« Tu t'améliores... »
Je dis alors que les mains huilées de Lora continuaient leur va-et-vient le long de mon sexe en érection. Parfois, elle y ajoutait même une torsion experte, intensifiant les sensations qui parcouraient mon corps. J'en étais arrivé là, avec Lora qui s'occupait de moi, à genoux, entièrement nue, après que je lui eus dit que je ne pourrais pas passer la nuit entière avec elle.
Cela avait déclenché chez elle un instinct de protection total, bien qu'elle comprenne que je passerai du temps chez une enseignante. Lora avait donc décidé de me donner du plaisir elle-même, amenant l'Impératrice à genoux tandis qu'elle travaillait sur ma verge.
En partant du gland, les mains glissantes de Lora agrippaient légèrement mon bout sensible avec une pression comme si elle le trayait taquinement, avant de redescendre en glissant le long de la hampe.
Ça aurait pu être douloureux si elle l'avait fait à sec. Mais grâce à l'huile, la sensation ne pouvait être décrite que comme céleste. Sa paume et ses doigts huilés enserraient mon membre gonflé en exerçant juste la bonne pression.
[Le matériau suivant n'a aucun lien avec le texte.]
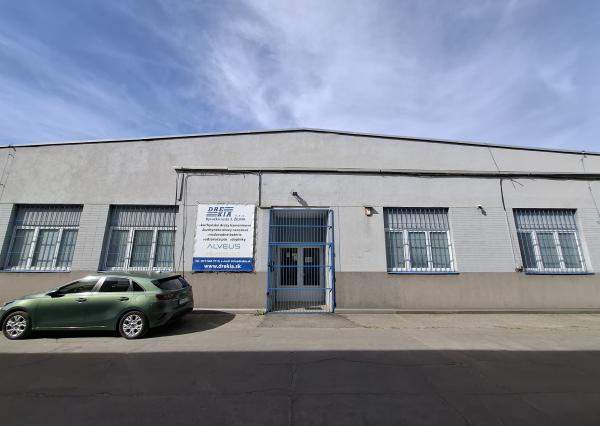 Skladovo-kancelársky objekt s rozlohou 606 m² v areáli Slovena
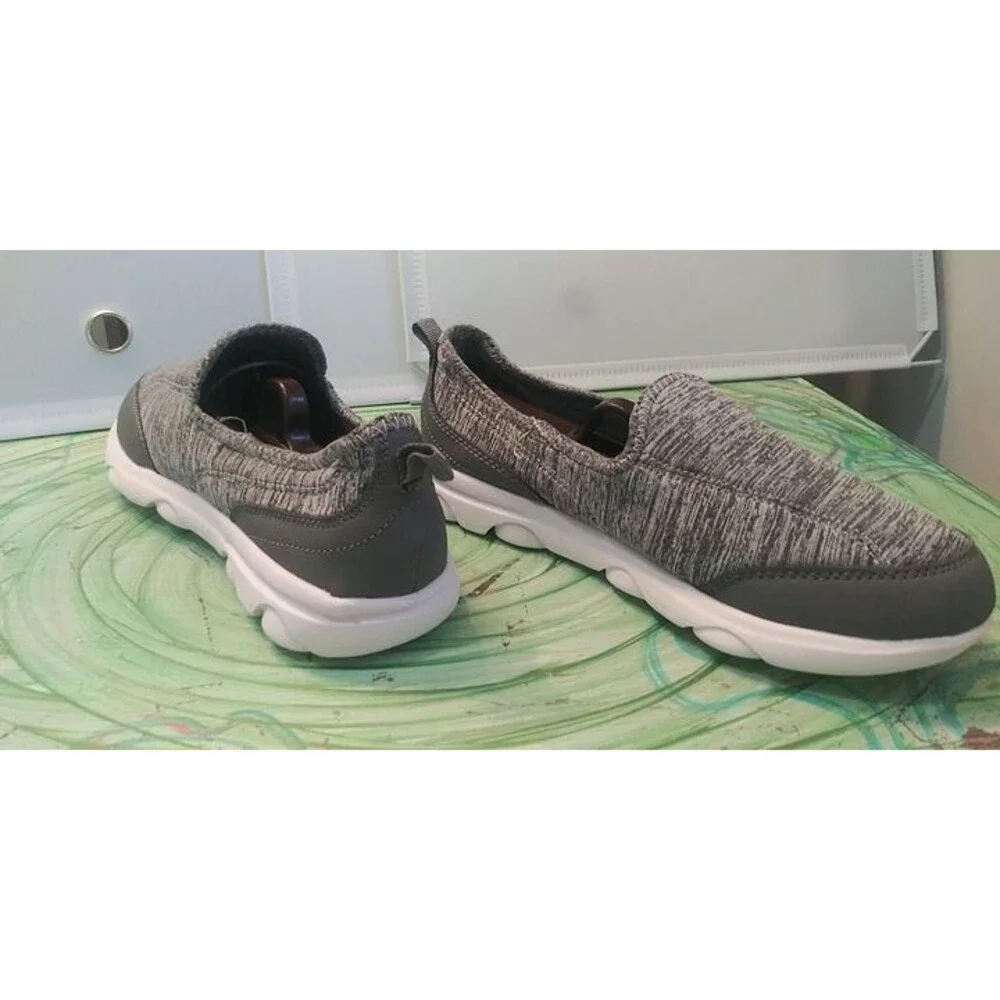 Crane grey and white women's size 8
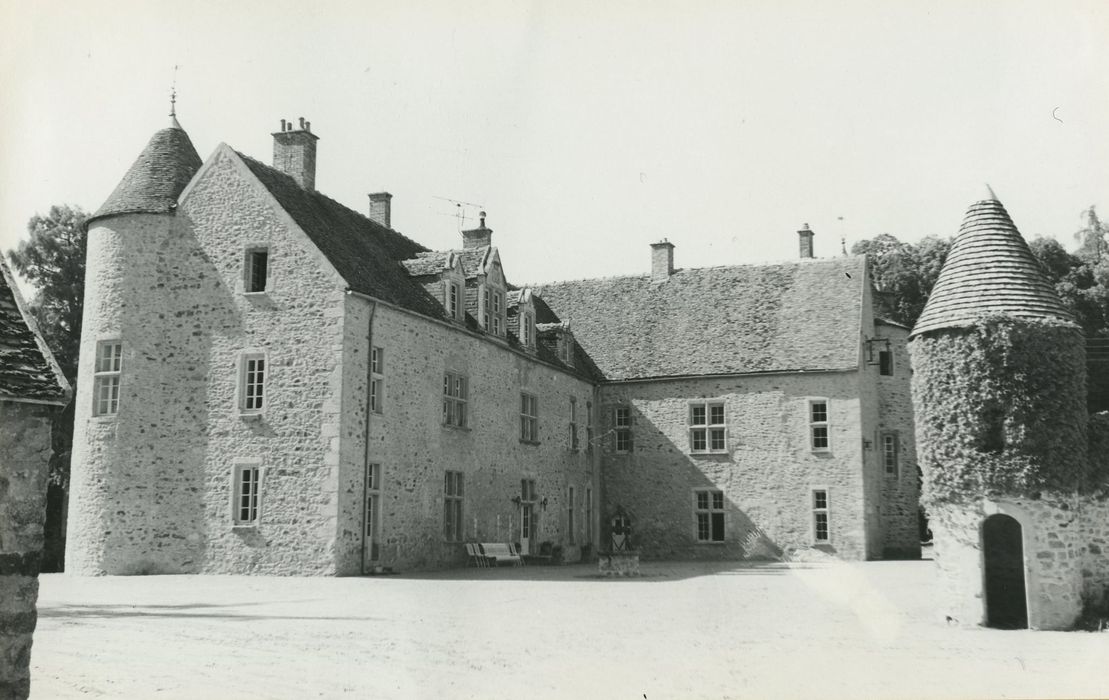 Château de Besne : Ensemble sud-est, vue générale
Elle variait parfois son tempo — depuis la base, elle faisait glisser ses mains glissantes vers le gland en un mouvement vif, suscitant un maximum de friction plaisante. Puis elle redescendait avec une lenteur et une douceur délibérées, n'utilisant que le bout des doigts, comme pour taquiner ma verge désespérée.
Une fois à la base, son pouce appuyait parfois sur le frein, caressant doucement la bande de tissu qui reliait le gland au prépuce.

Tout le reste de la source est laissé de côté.